On Thu, Oct 11, 2012 at 10:23 AM, Phil Endecott
<spam_from_boost_dev_at_[hidden]> wrote:
> Dear Experts,
>
> I find myself in need of an augmented tree. My problem is something like
> [but not exactly] this:
>
> - Say I have a line of text, i.e. a sequence of characters, in a
> variable-width font; each character stores its width in pixels.
>
> - I need to efficiently insert and remove characters.
>
> - I need to efficiently find the range of characters that spans a given
> range of pixels.
>
> It seems to me that an augmented tree lets me do all of those operations in
> log(N) time - and no other data structure offers the same performance.
>
> I'm aware of two augmented trees that have been proposed here. Francisco
> Jose Tapia has proposed "Countertree", but this only stores the count of
> elements not the sum of a property of the elements (i.e. the widths in my
> example). Vadim Stadnik has proposed stl_ext_adv, which is a
> doubly-augmented B+ tree. Has anyone looked at Vadim's code since it was
> proposed last year? I have a couple of concerns about Vadim's proposal:
>
> 1. It uses B+ trees, and in the discussion it was suggested that these are
> inferior to red-black trees in some way.
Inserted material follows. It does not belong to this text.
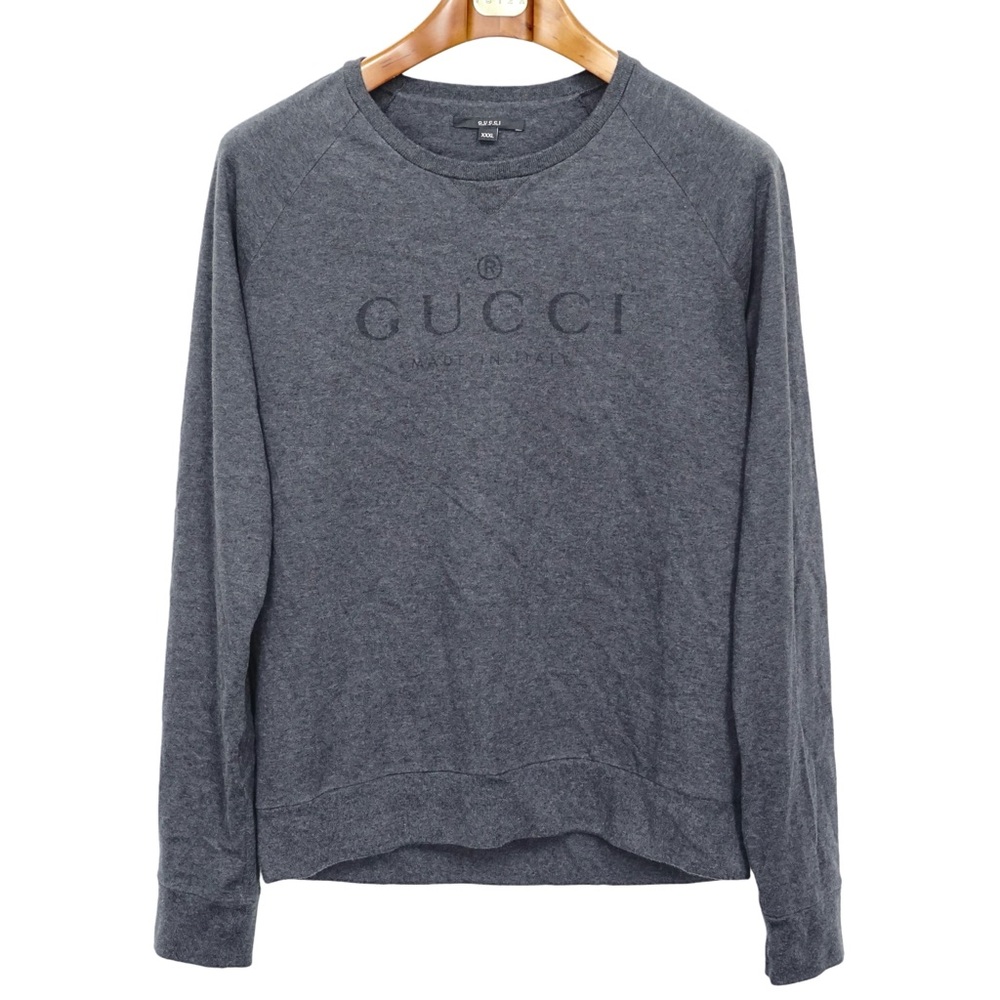 Gucci Logo Print Heavyweight Crewneck T Shirt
I've done some experimentation with in-memory B+ trees, and they have
different performance characteristics than red-black trees. They can
be 10 times or more faster for search operations than red-black trees,
particularly on architectures with very high speed hardware caches
that are large in relation to the size of the tree. They can also use
less space than an equivalent red-black tree. I'm not sure what would
happen to the performance in an app dominated by inserts and deletes
rather than searches, but a red-black tree is likely better for that
scenario.

The B-tree, read-black tree, UB-tree, and many of their variants were
all invented by Rudolf Bayer. Each is superior for some usage
scenarios and applications, and inferior for others.